7. The light bulb as claimed in claim 1, wherein said metal holder
plate comprises a plurality of retaining lugs equiangularly spaced
around the border area thereof; said light-transmissive shade
comprises a plurality of retaining grooves respectively forced into
engagement with respective top ends of said retaining lugs of said
metal holder plate; said light transmitting lamp shell comprises a
plurality of retaining grooves respectively forced into engagement
with respective bottom ends of said retaining lugs of said metal
holder plate.
8. The light bulb as claimed in claim 1, wherein said metal holder
plate comprises a plurality of retaining holes arranged at
equiangular intervals; said light transmitting lamp shell comprises
a plurality of bottom hooks extended from a bottom side thereof and
arranged at equiangular intervals and respectively hooked in the
retaining holes of said metal holder plate.
9. The light bulb as claimed in claim 1, wherein said light source
module further comprises an electric connector mounted at said
second circuit board and electrically connected to said first
circuit board, said electric connector comprising a plurality of
upright contact pins, a first adapter board mounted at a top side
of said first circuit board and bonded to said upright contact pins
of said electric connector and electrically connected to said power
supply module, a second adapter board mounted at a bottom side of
said second circuit board and bonded to said upright contact pins
of said electric connector; said metal holder plate, said first
circuit board and said second circuit board each comprise a
connector hole for accommodating said electric connector.
10. The light bulb as claimed in claim 1, wherein said metal holder
plate comprises a plurality of through holes; said second circuit
board is provided with a plurality of screws that are inserted
through the through hole of said metal holder plate and fastened to
said first circuit board.
Description
BACKGROUND OF THE INVENTION
[0001] 1. Field of the Invention
[0002] The present invention relates to lighting technology and
more particularly, to a light bulb, which comprises a first circuit
board with upward-facing LEDs and a second circuit board with
downward-facing LEDs, a metal holder plate set between the first
circuit board and the second circuit board to support a
light-transmissive shade and a light transmitting lamp shell and to
dissipate heat.
[0003] 2. Description of the Related Art
[0004] Since the invention of a first practical electric light bulb
by Thomas Alva Edison (Feb. 11, 1847-Oct. 18, 1931), the use of
electric light bulb has more than one hundred years of history.
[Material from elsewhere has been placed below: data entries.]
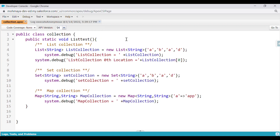In this instance, System.debug shows what the value is at index 0 — and at index 0 it is 'A', just as in an array. Then for the set collection, since it is an unordered collection, we cannot access a specific index location.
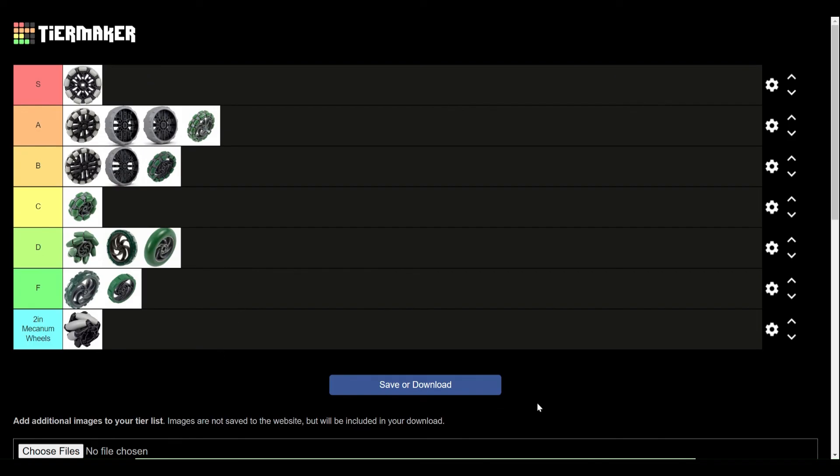Well, that wraps up the tier list. Hope that you learned something from this. If you want to make your own, there will be the link in the description. And if you have anything that you disagree with, feel free to leave that in the comments, or any questions about the wheels that you don't think I covered well enough. See you next time.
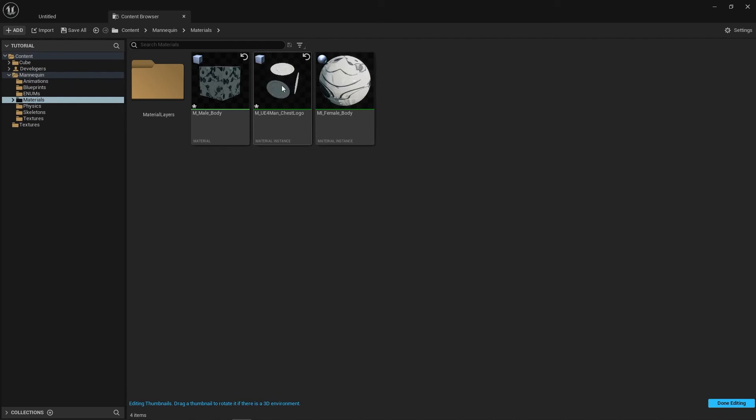Once you're done all you need to do is hit done editing in the bottom right corner and you are finished. That's it guys, thanks for watching. If you've got any questions feel free to comment below or reach out to me on Twitter at MattLakeTA. I hope you've learned something. Bye!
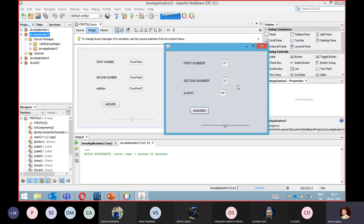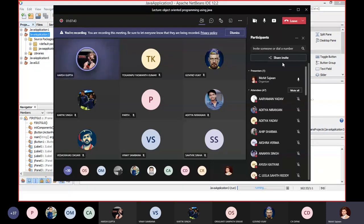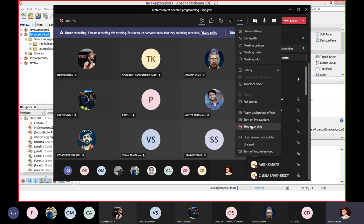In the next lecture we will give an overview of databases and then perform Java database connectivity. Before the next lecture, on Thursday there will be Quiz number three — syllabus will be exception handling and multithreading. You will get 10 questions and 18 to 19 minutes to complete it, which is more time than last time. Thank you all.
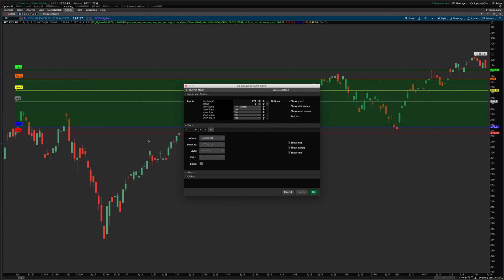It's very much the same as the original but with a different presentation strategy for those who prefer this look. When you purchase the Big Levels indicator, you'll get both versions and can choose which one you prefer. As always, updates on the site are free to people who have purchased in the past — just log back into the website, go to orders, and view order details in the My Account area. Hopefully these will save you time plotting lines every day. Thanks, talk to you later.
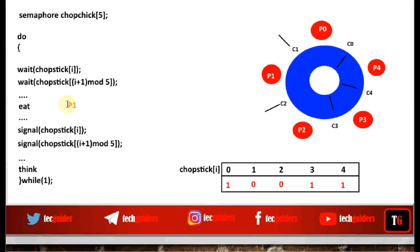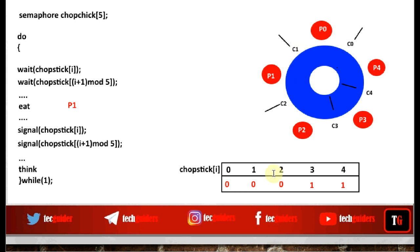While P1 is eating, suppose neighbor P0 feels hungry. P0 executes a wait on semaphore C0 (his left chopstick). C0 value is 1, decrements to 0, and P0 gets hold of C0. Then P0 executes a wait on semaphore C1 (his right chopstick). But C1's value is 0, so no process can enter that critical section — P0 cannot get the right chopstick and keeps waiting.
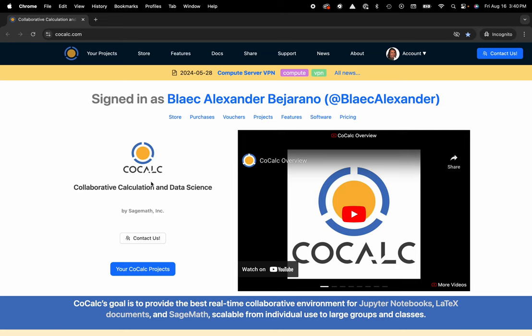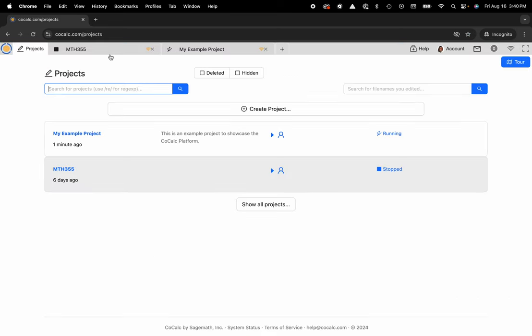You can see I'm at cocalc.com. I'm gonna head over to my projects and now I'll select the project that I'd like to inspect the log of.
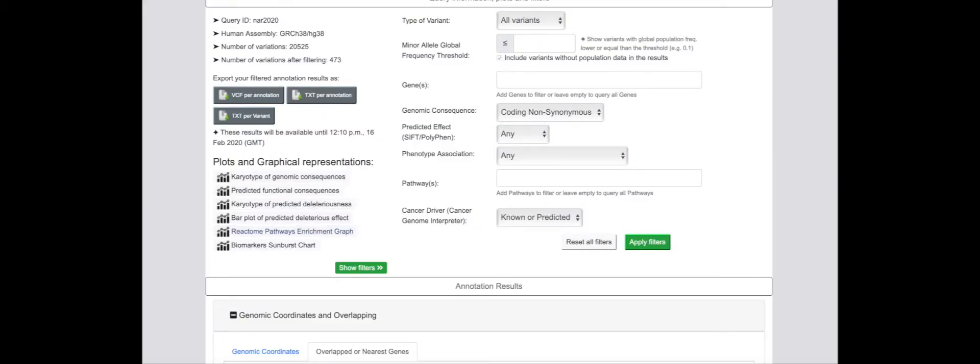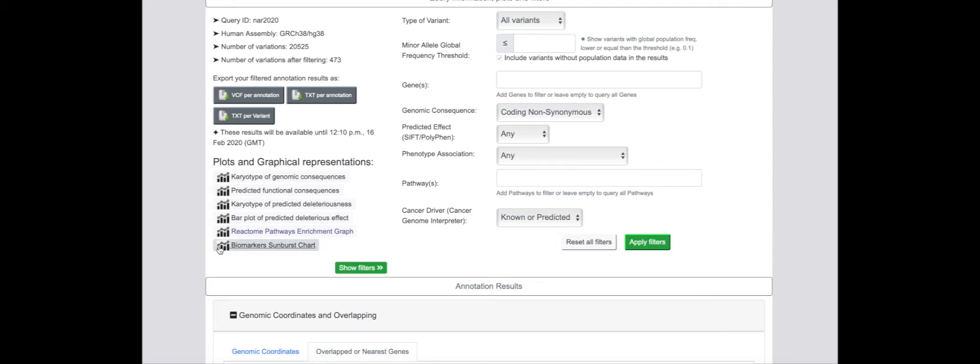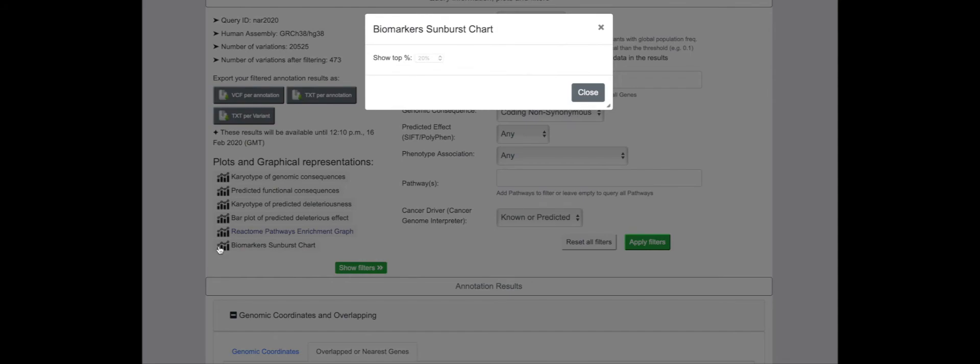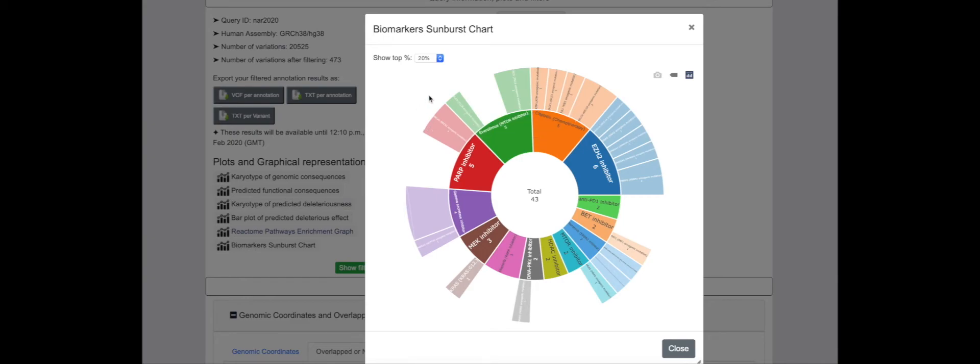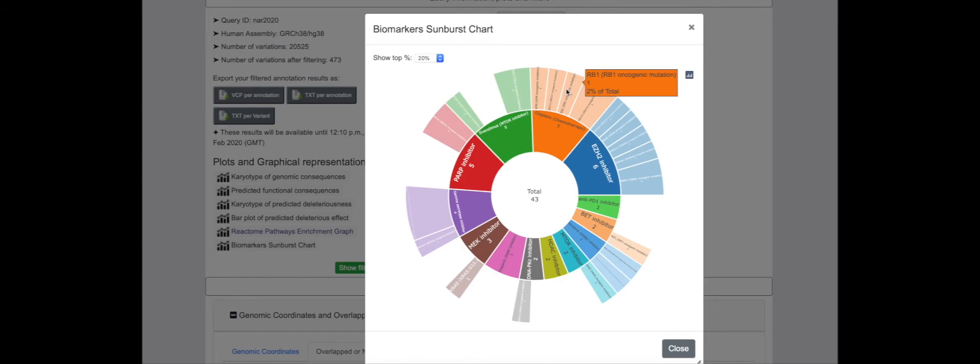To further investigate mutations relevant for targeted treatment, coding variants can be further analyzed for known or predicted biomarkers of treatment response. In this patient, several driver variants have also been identified as potential biomarkers of response to platinum chemotherapy or PARP inhibition.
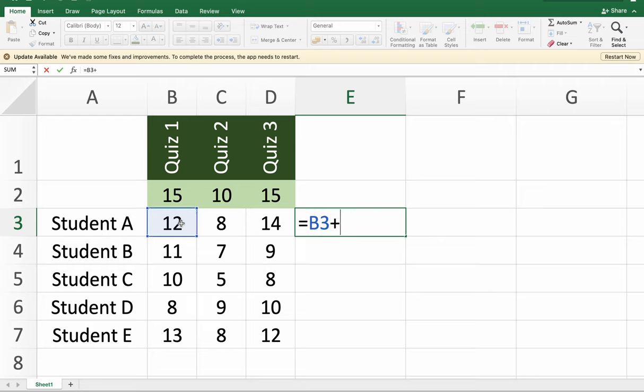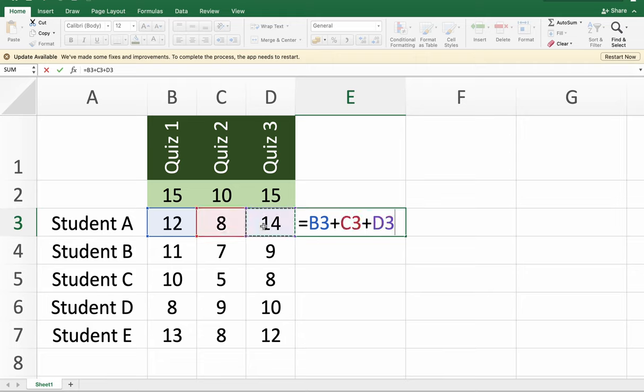Then plus sign, click again the reference of the next value. Then plus again and click again the reference of the last value.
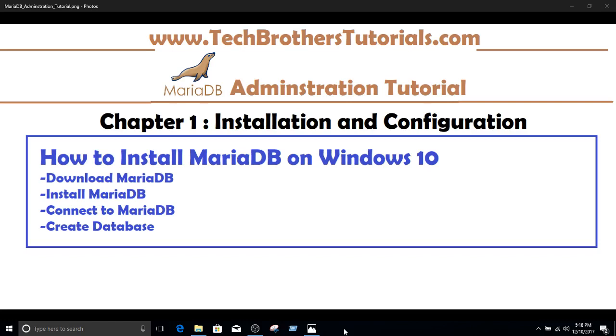Welcome to Tech Brothers with Namir with a new tutorial on administration of MariaDB. This is the very first chapter, installation and configuration. We'll learn how to install MariaDB on Windows 10 in this video.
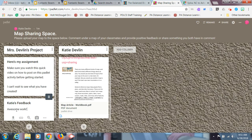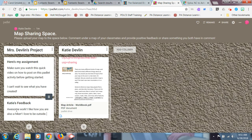Awesome work. I like how you are also a hiker. I love to be outside. So the sharing space is really just for you to learn a little bit about your classmates.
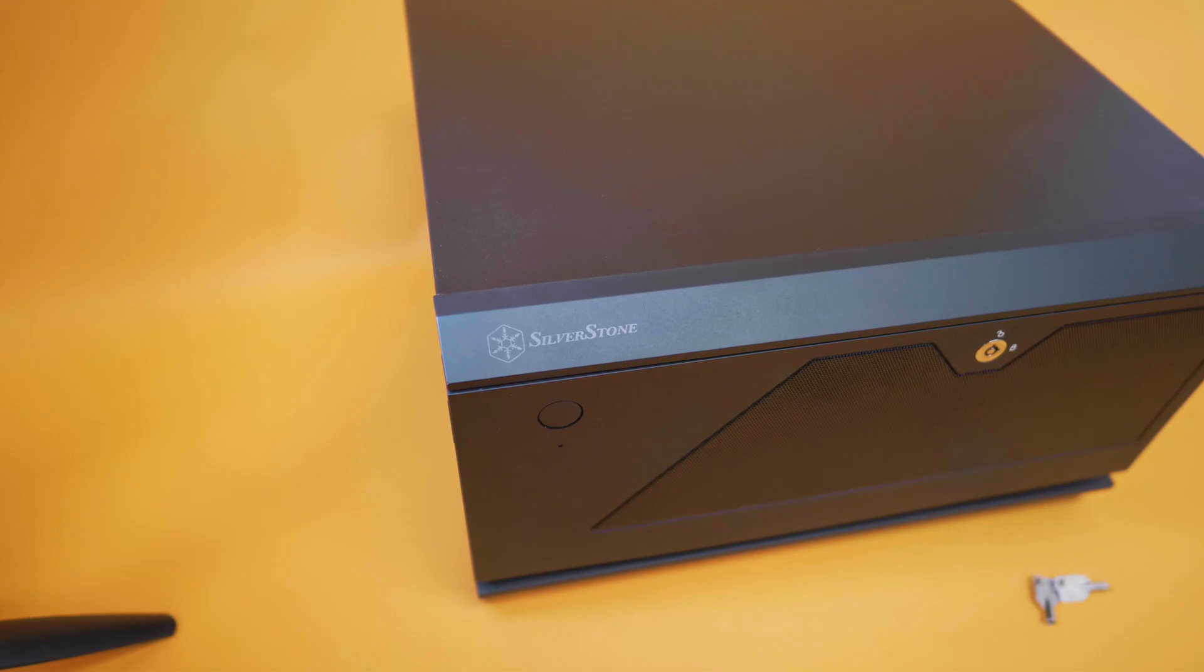Hey guys, today I want to talk about network attached storage, or NAS for short. We're going to be using the Silverstone CS381 case to build a network attached storage. I'm going to tell you the benefits of having this type of storage solution and we're also going to compare it against Synology NAS type products. Stay tuned and let's get started.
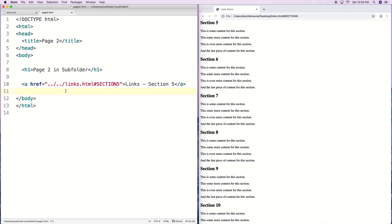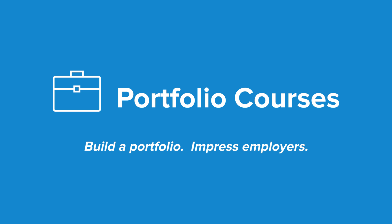And that's the basics of links in HTML. Check out portfoliocourses.com where we'll help you build a portfolio that will impress employers.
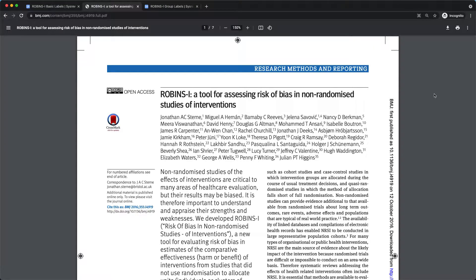Welcome to another demonstration of the CISRA platform. Today I will be showing you how to perform a Robin's Eye assessment using a series of categorical labels.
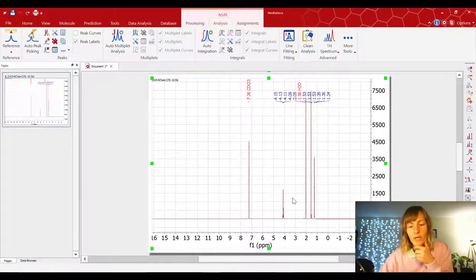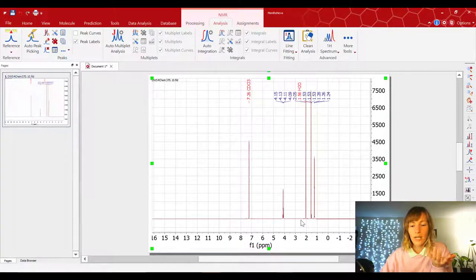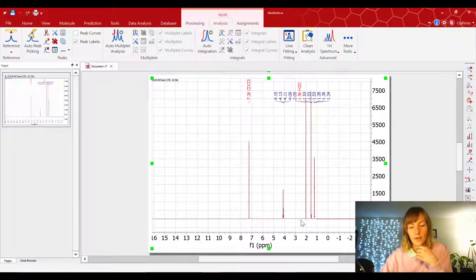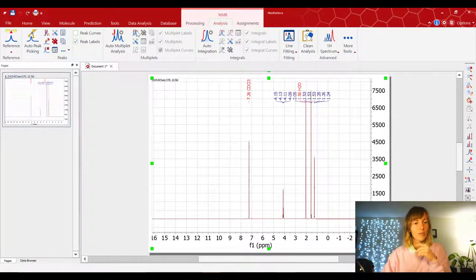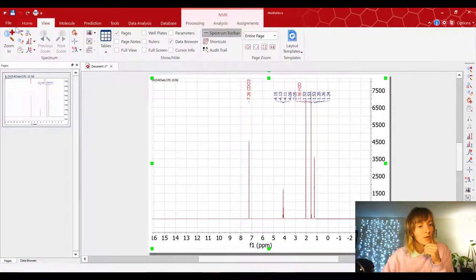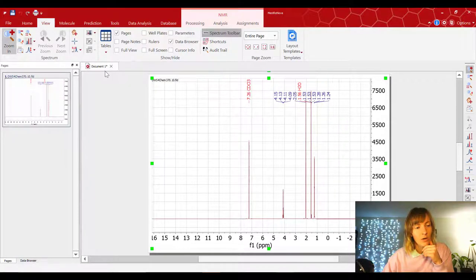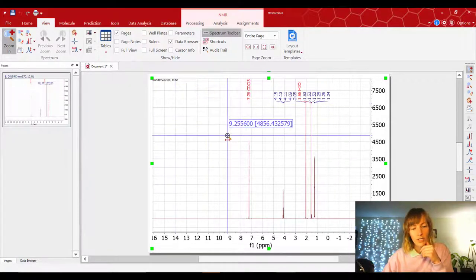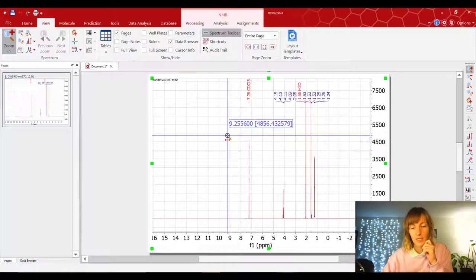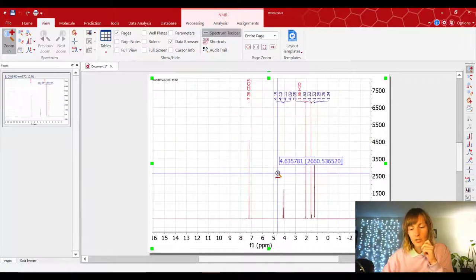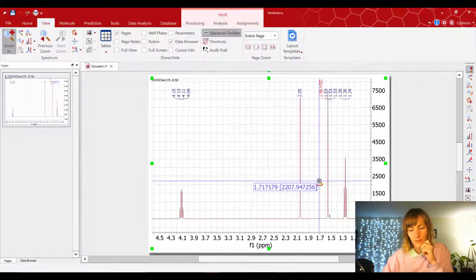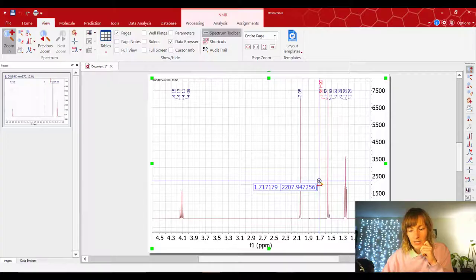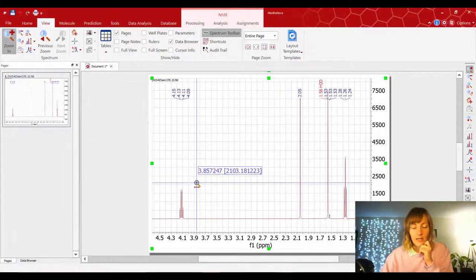Alright, so the next thing we've got to do is we have to actually look at where the peaks are, and integrate them. So let's go ahead and zoom in on the peaks. And to zoom in, you could go to View, you could press this zoom in button, or alternatively, just press Z on your keyboard, and it does the same thing. So I'm just going to zoom into this region here for now, and see how it's looking. That's looking very nice.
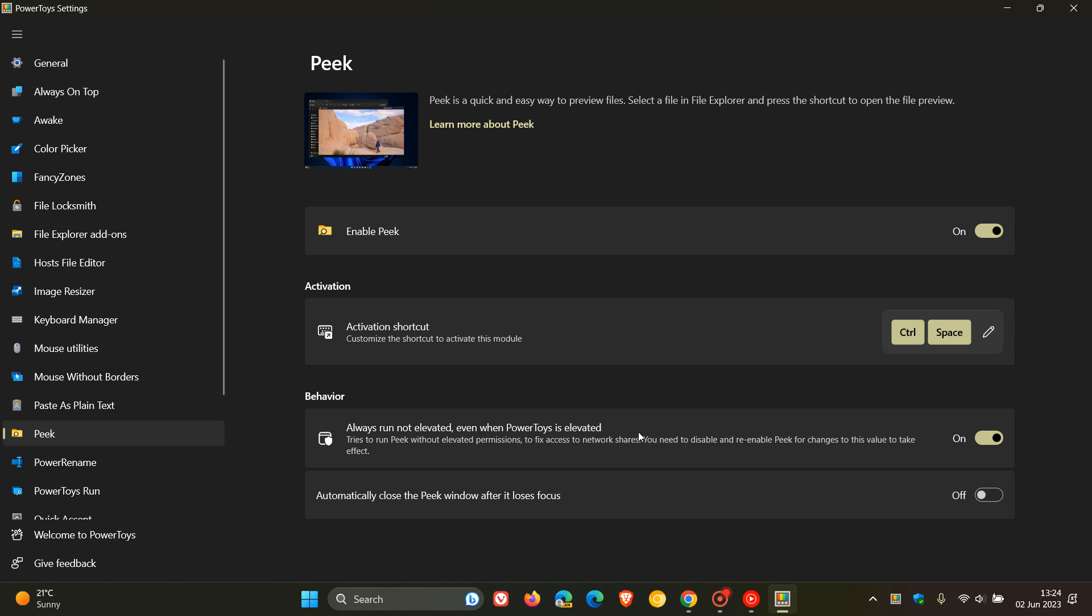Always run not elevated, even when PowerToys is elevated, which is turned on by default. It says it tries to run Peek without elevated permissions to fix access to network shares. You need to disable and re-enable Peek for changes to this value to take effect. So that's an improvement rolling out there.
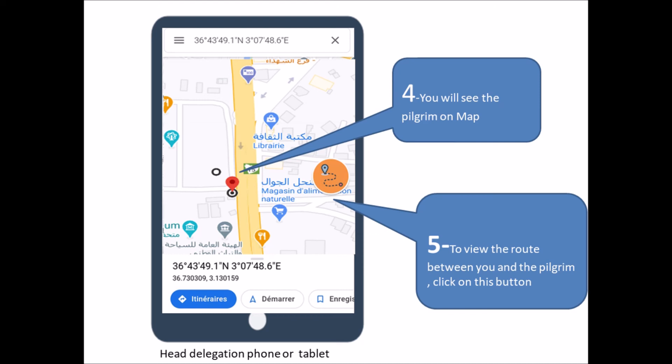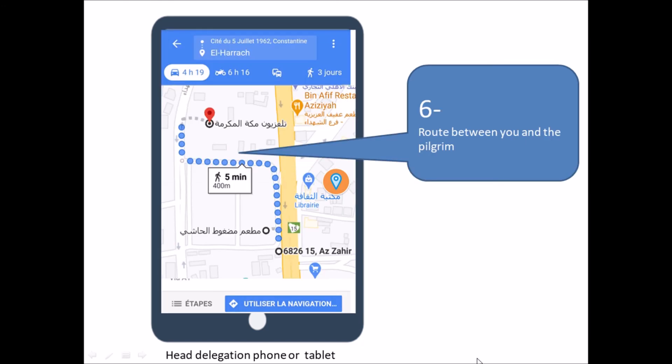To view the route between you and the pilgrim, click on this button and you will see the route between you and the pilgrim.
An
incandescent light bulb, incandescent lamp or incandescent light
globe is an electric light which produces light with a tungsten
filament wire heated to a high temperature by an electric current
through it, until it glows. A tungsten filament-based electric
light bulb throws light in an omnidirectional manner, i.e., in all
directions. Thus, it quickly replaces conventional dangerous
candles and kerosene lamps. Nowadays, many different
omnidirectional brilliant light sources are commercially
available.
[0005] However, tungsten filament-based electric light bulbs
consume a large amount of power during operation. It has a low
luminous efficacy, i.e., less units of lumens per watt (lm/W).
Nowadays, many energy-saving light sources have been created and
are intensively used to replace conventional tungsten
filament-based electric light bulbs.
[0006] The most popularly accepted energy-saving light is a compact
fluorescent lamp, also called compact fluorescent light and compact
fluorescent tube, designed to replace an incandescent lamp. An
energy-saving light of this kind uses a tube which is curved or
folded to fit into the space of an incandescent bulb, and a compact
electronic ballast in the base of the lamp. Under same illumination
conditions, an energy-saving light consumes less electric energy
than a conventional tungsten filament-based electric light bulb.
However, when compared to a T5 fluorescent lamp, a ballast-based
energy-saving light consumes much electric energy.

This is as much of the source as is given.